Task requirements: Excluding pictures, give the entries again exactly as they appear.

Data in this exercise:
=== Begin Enclosure ===

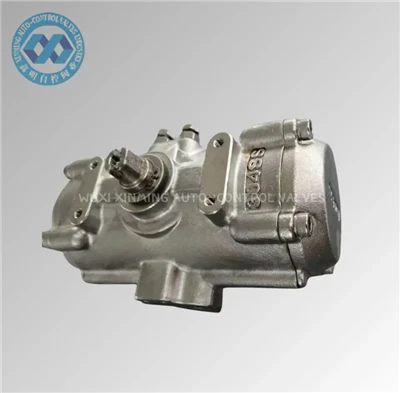 Fabricant de 12 anys Fabricant Actuador pneumàtic d'acer inoxidable
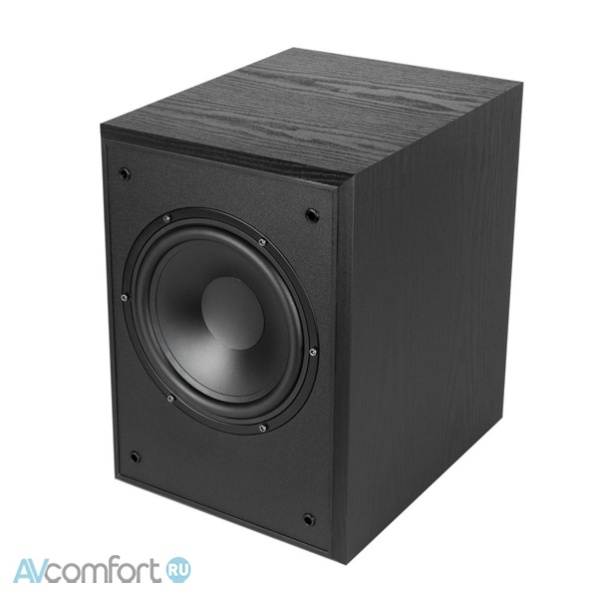 AVComfort, PREMIERA Eco ES-8SA Black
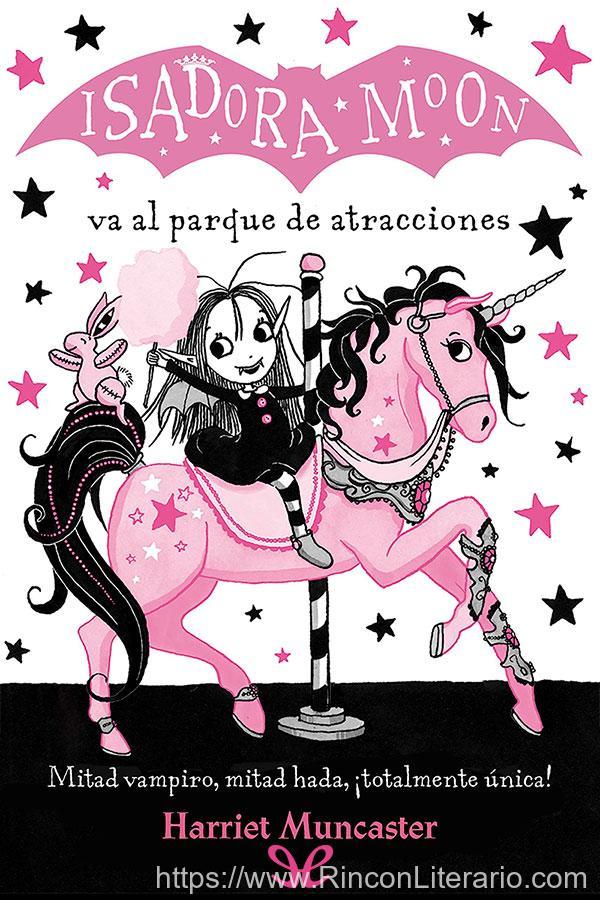 Isadora Moon va al parque de atracciones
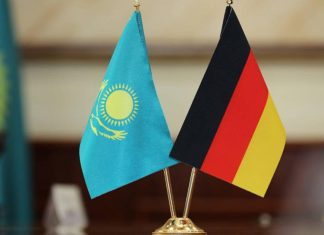 Kasachstan und Deutschland vertiefen Wasserkooperation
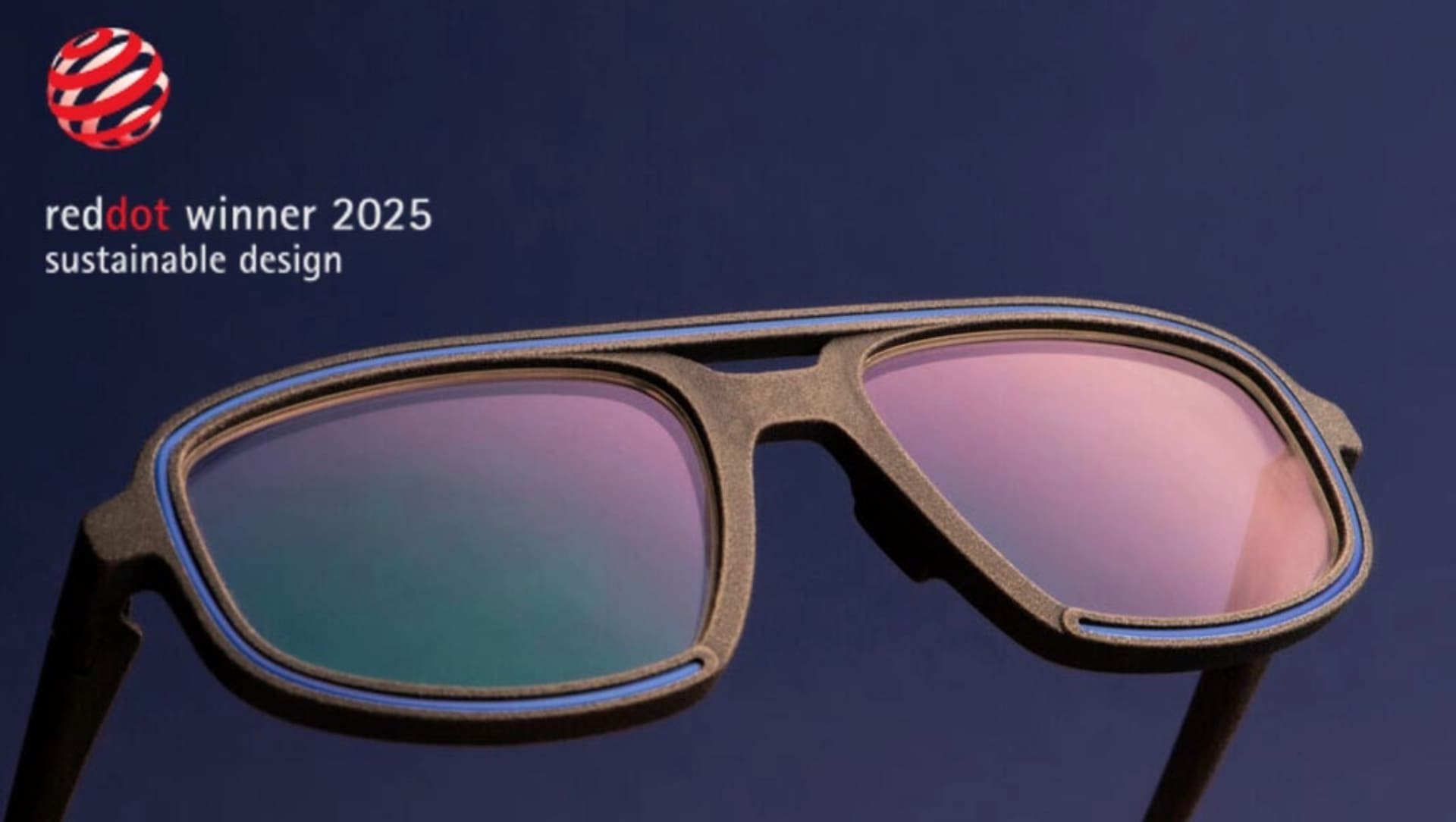 Rolf Eyewear erhält Red Dot Award 2025 für nachhaltige Brillenkonzepte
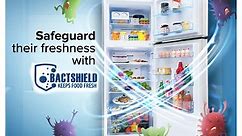 Lloyd Frost Free Refrigerator with BACTISHIELD Technology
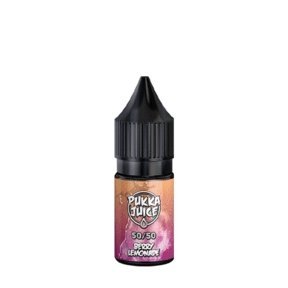 Pukka 50/50 10ML E-Liquid - Box of 10 - Vapeareawholesale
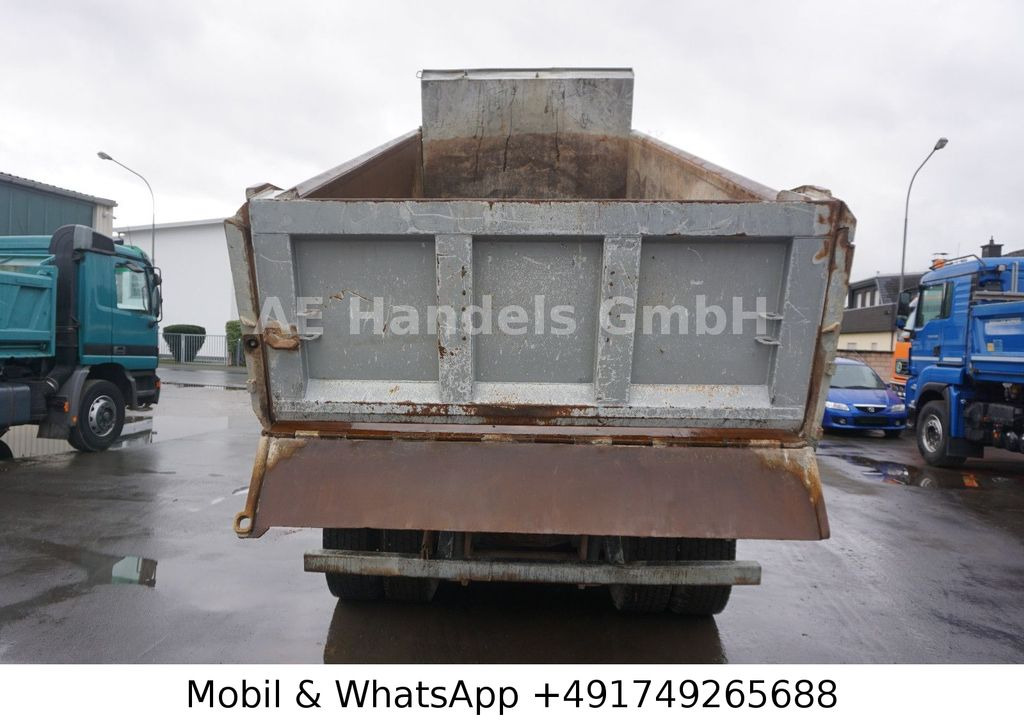 Mercedes-Benz Actros II 3244 8x4 BB Meiller *Bordmatik/3-Pedal - Camión volquete: foto 4 Mercedes-Benz Actros II 3244 8x4 BB Meiller *Bordmatik/3-Pedal - Camión volquete: foto 4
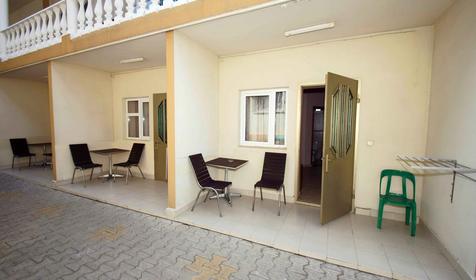 Комфорт четырехместный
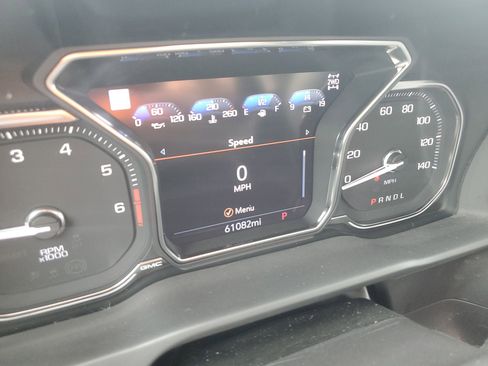 Certified 2022 GMC Sierra 1500 Denali w/ Denali Premium Package AWD/4WD image 20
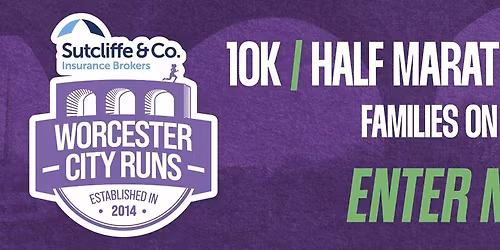 Sutcliffe & Co Worcester City Runs 2026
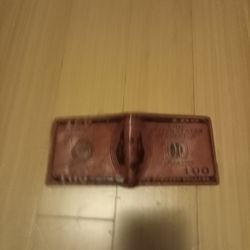 Benjamin Franklin Wallet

=== End Enclosure ===

Output for this exercise:
 Fabricant de 12 anys Fabricant Actuador pneumàtic d'acer inoxidable
 AVComfort, PREMIERA Eco ES-8SA Black
 Isadora Moon va al parque de atracciones
 Kasachstan und Deutschland vertiefen Wasserkooperation
 Rolf Eyewear erhält Red Dot Award 2025 für nachhaltige Brillenkonzepte
 Lloyd Frost Free Refrigerator with BACTISHIELD Technology
 Pukka 50/50 10ML E-Liquid - Box of 10 - Vapeareawholesale
 Mercedes-Benz Actros II 3244 8x4 BB Meiller *Bordmatik/3-Pedal - Camión volquete: foto 4 Mercedes-Benz Actros II 3244 8x4 BB Meiller *Bordmatik/3-Pedal - Camión volquete: foto 4
 Комфорт четырехместный
 Certified 2022 GMC Sierra 1500 Denali w/ Denali Premium Package AWD/4WD image 20
 Sutcliffe & Co Worcester City Runs 2026
 Benjamin Franklin Wallet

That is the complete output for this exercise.